_DATA FOR THIS TASK_:

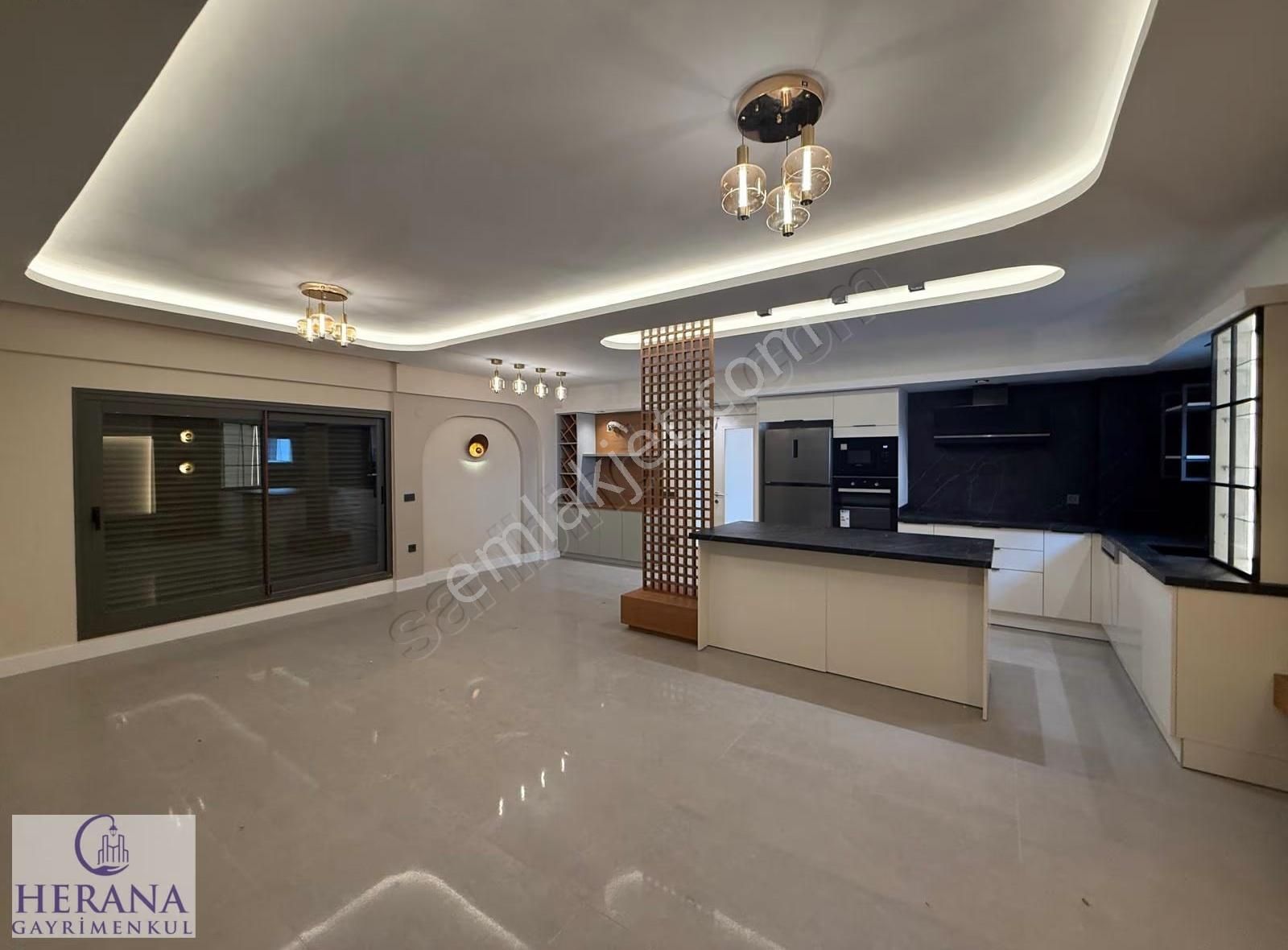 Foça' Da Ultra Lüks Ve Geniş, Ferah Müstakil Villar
* * *
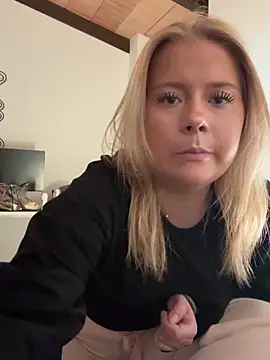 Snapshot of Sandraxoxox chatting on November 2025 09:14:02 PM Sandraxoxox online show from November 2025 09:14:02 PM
==
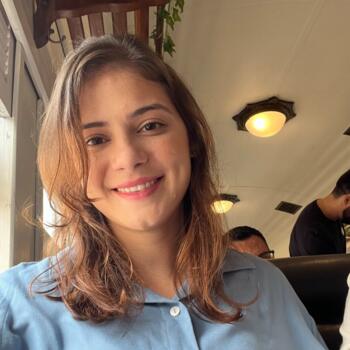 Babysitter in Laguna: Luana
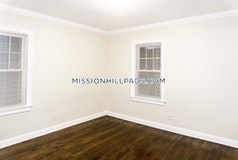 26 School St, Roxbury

_HOW TO COMPLETE THIS TASK_:
With the pictures omitted, copy the entries above exactly from the line containing "Babysitter in Laguna: Luana" through the line containing "26 School St, Roxbury", both lines included.

_RESULT_:
 Babysitter in Laguna: Luana
 26 School St, Roxbury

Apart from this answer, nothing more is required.